According to reports this week from Danwatch, a Danish media outlet, and Der Spiegel in Germanymore than 2 million documents exposed in a database revealed Russia’s nuclear weapons facilities with unprecedented levels of detail. Reporters sifted through the massive trove of documents related to Russian military procurement, as Russian authorities gradually restricted access. They found blueprints for nuclear plants across the country. Experts described the leak as an unprecedented breach of Russia’s security in nuclear matters. The data could be extremely useful to foreign governments and intelligence agencies.
These documents show how Russia’s nuclear facilities were rebuilt in the last few years, including where new facilities were created. They also include detailed site plans, including the locations for barracks, watchtowers and underground tunnels that connect buildings. The documents include descriptions of IT and security systems. This includes information on surveillance cameras and electric fences, as well as alarm systems. Danwatch reports that”It is written exactly where the control rooms are, and which buildings are linked to each other by underground tunnels.”
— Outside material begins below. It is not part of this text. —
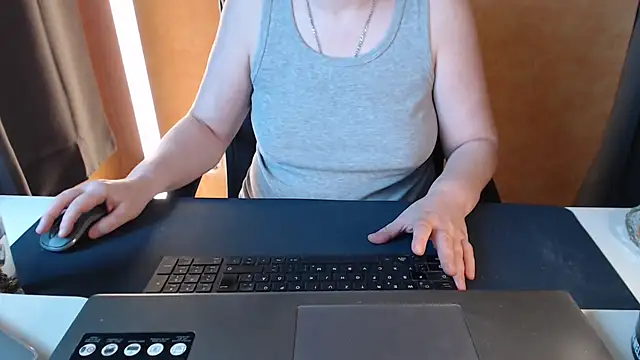 Sweet Phoenix online show from February 21, 2026, 10:50 am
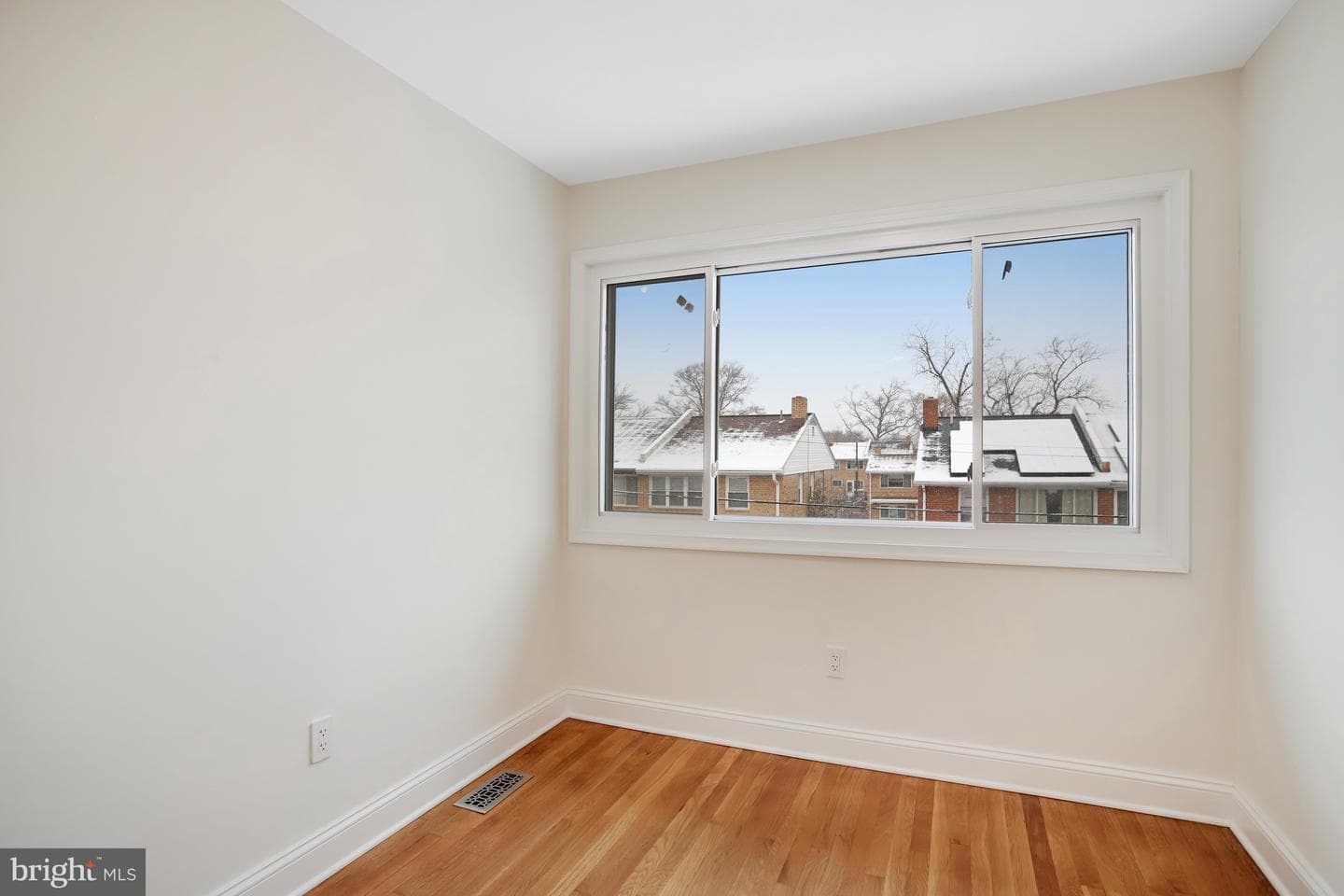 720 Decatur Street NE photo 15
Cops Used License Plate Recognition Cameras in Search for Woman Who Got an Abortion
License-plate-recognition cameras are creating huge databases of people’s movements across America–capturing where and when cars are traveling. Since years, there have been fears that the cameras can be weaponized by private investigators or law enforcement officials and used against those who seek abortions or provide abortion-related care. The Johnson County Sheriff’s Office, in Texas (where abortions are almost all illegal), searched 83,000 Flock license plate reader cameras to find a woman who they believe had a self administered abortion. 404 Media reported on this this week. Sheriff Adam King stated that the officials were not trying to “block the woman from leaving the state”but rather searching for her because her family was worried about her safety. Experts say that a search of the entire United States reveals the vast dragnet of license plate-reader cameras, and how those seeking abortions are tracked. Eva Galperin is the director of cybersecurity for the Electronic Frontier Foundation. She told 404 Media that this type of surveillance does not make her feel any better.
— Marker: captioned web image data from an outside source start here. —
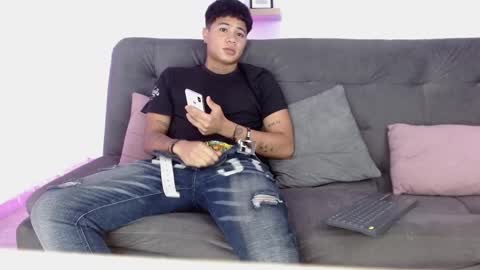 Snapshot of justin_roi chatting on 5, 3, 2025 Jestin online show from 5, 3, 2025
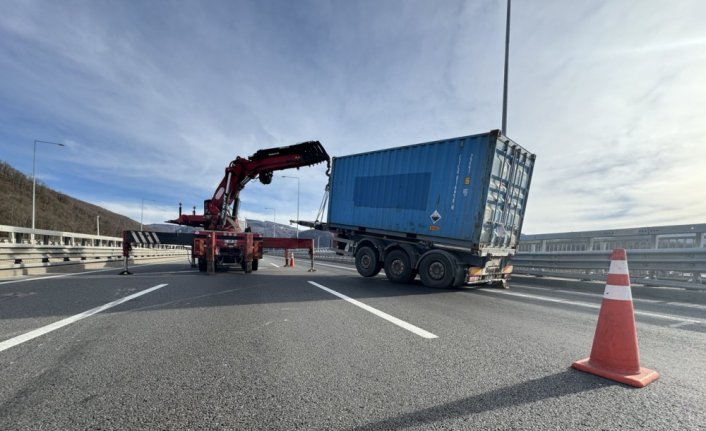Tırdan ayrılan dorse Anadolu Otoyolu'nun Düzce kesiminde ulaşımı aksattı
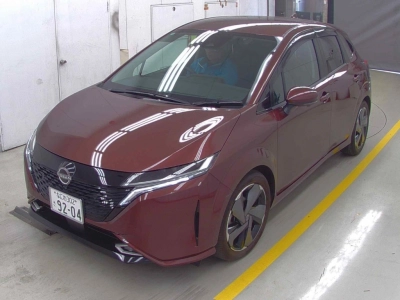 NISSAN AURA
Investment Scam Company linked to $200 Million Losses Sanctioned By US Government
Philippines based company Funnull Technology, and its boss Liu Lizhi have been sanctioned by the US Treasury’s Office of Foreign Assets Control because of their links to investment scams and romance scams. These are often referred as “pig butchering” scams. “Funnull directly facilitated many of these schemes resulting in more than $200 million in US victims-reported losses,” OFAC stated in a statement announcing sanctions. The company purchases IP address from major cloud service provider and then sells it to cybercriminals, who can use them to host a scam website. According to OFAC, Funnull “is linked to the majority” investment scam websites reported by the FBI. In January, independent cybersecurity journalist Brian Krebs described how Funnull (19459079) was abusing Amazon and Microsoft cloud services.